Awal mula datangnya Divisi Bambu Runcing
Pada 21 Juli 1947 Belanda berhasil memukul mundur tentara Indonesia dalam agresi militer 1 di Jawa Barat yang dimulai dari Jakarta. Dalam agresi militer 1 ini, tentara Indonesia tidak mampu membendung kekuatan Belanda. Melihat situasi dan kondisi yang tidak memungkinkan terus melakukan perlawanan, akhirnya, tentara Indonesia menarik diri ke hutan-hutan seperti yang ada di Cianjur, Sukabumi, dan ada juga yang ke Cirebon.
Mendengar kabar seperti ini, para petinggi militer yang ada di Yogyakarta menganggap bahwasannya divisi Siliwangi telah hancur dan mengangkat tangan kepada Belanda. Sutan Akbar, yang merupakan mantan petinggi LRDR (Lasjkar Rakjat Djakarta Raya) memanfaatkan situasi ini untuk meneruskan kembali perjuangan yang dilakukan Divisi Siliwangi yang berada di Jawa Barat.
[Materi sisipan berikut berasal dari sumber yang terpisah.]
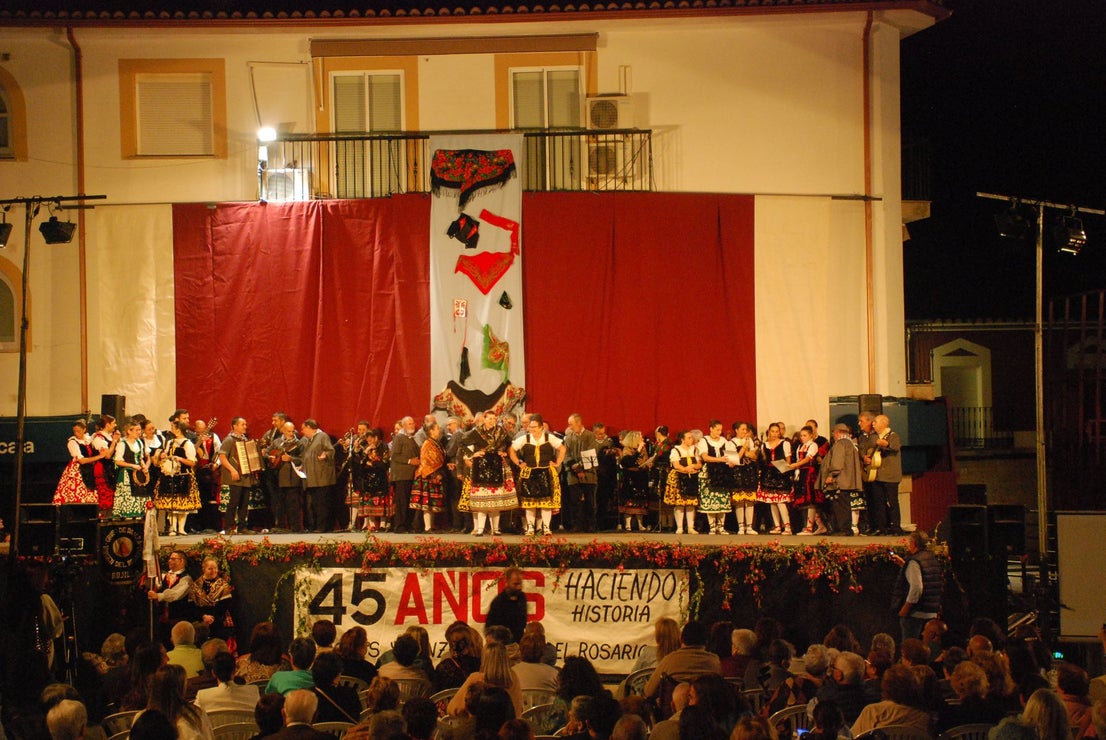 Un homenaje al folclore en imágenes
Kemudian ia menemui dan meyakinkan Jenderal Sudirman bahwasannya meskipun Divisi Siliwangi telah rapuh akan tetapi laskar-laskar yang ada di Jawa Barat masih berjalan secara lancar dan efektif. Setelah izin itu keluar dari Jenderal Sudirman, Sutan Akbar mulai membentuk pasukan yang diberi nama "Divisi Bambu Runcing".
"...Divisi Pasukan Bambu Runcing telah berstatus resmi sebagai satuan baru pada akhir Juli tahun 1947" (Fachrudin, 1994: 34). Kemudian, Sutan Akbar mulai mengirimkan pasukan-pasukan ke pelbagai tempat di Jawa Barat. Menurut Harry A. Poeza dalam Tan Malaka, Gerakan Kiri, dan Revolusi Indonesia Jilid 3, pasukan itu dikirim ke Banten-Bridge A yang dipimpin oleh Achmad Chatib, Bogor-Bridge B dipimpin oleh Waloejo dan Armansjah, Tasikmalaya-Bridge C dipimpin oleh Wahidin Nasution, Priangan Timur-Bridge D dipimpin oleh Achmad Astrawinata, dan Cirebon-Bridge E ditugaskan di Ciwaru dan dipimpin oleh Sastrosoewirjo dan Maulana. Bridge yang ditugaskan di Ciwaru merupakan yang terkuat. Sutan Akbar bergabung di Bridge ini.
Bridge E merupakan satuan terkuat
Di antara kelima pasukan yang disebarkan ke pelosok Jawa Barat untuk membantu pasukan Siliwangi yang pada saat itu tengah mengalami kerapuhan akibat agresi militer 1 yang dilakukan oleh Belanda di Jawa Barat. Pasukan Bridge E dibawah pimpinan Sastrosoewirjo dan Maulana dan sekaligus dipimpin langsung oleh Sutan Akbar merupakan yang terkuat baik secara politis maupun strategi militernya.
"...DBR yang terdapat di Ciwaru merupakan satuan terkuat yang ada di Divisi Bambu Runcing, secara politis maupun strategis militer. Mereka langsung berada di bawah pimpinan Sutan Akbar, dengan Sastrosuwiryo dari Laskar Rakyat Cirebon sebagai kepala stafnya. Kepemimpinan DBR di Ciwaru juga diperkuat oleh Abdul Chamdi dan Achmad Astrawinata, yang pernah aktif di dalam LRDR." (Fachrudin, 1994:41).
Kenapa satuan terkuat harus dikirim ke Ciwaru?
Hal ini diungkapkan langsung oleh A.H Nasution dalam bukunya:
"Divisi Bambu Runcing itu menempati daerah Ciwaru yang amat penting artinya, baik strategis maupun politis. Strategis penting, karena di sinilah pintu gerbang dari Jawa Barat ke Jawa Tengah, jadi stasiun perhubungan divisi ini dengan Yogyakarta. Ini disebabkan keadaan bumi dan karena posisi-posisi musuh memaksa kita berpintu gerbang di sini. Politis sangat penting, karena Residen Hamdani bersama staf pemerintahan sipil juga berada di sini..." (Nasution, 1979:346).
Artinya, Ciwaru menjadi tempat penting bagi Divisi Pasukan Bambu Runcing yang dipimpin Sutan Akbar. Selain letak geografisnya yang strategis tetapi juga terdapat orang-orang penting seperti Hamdani dan staf pemerintahan sipil Cirebon.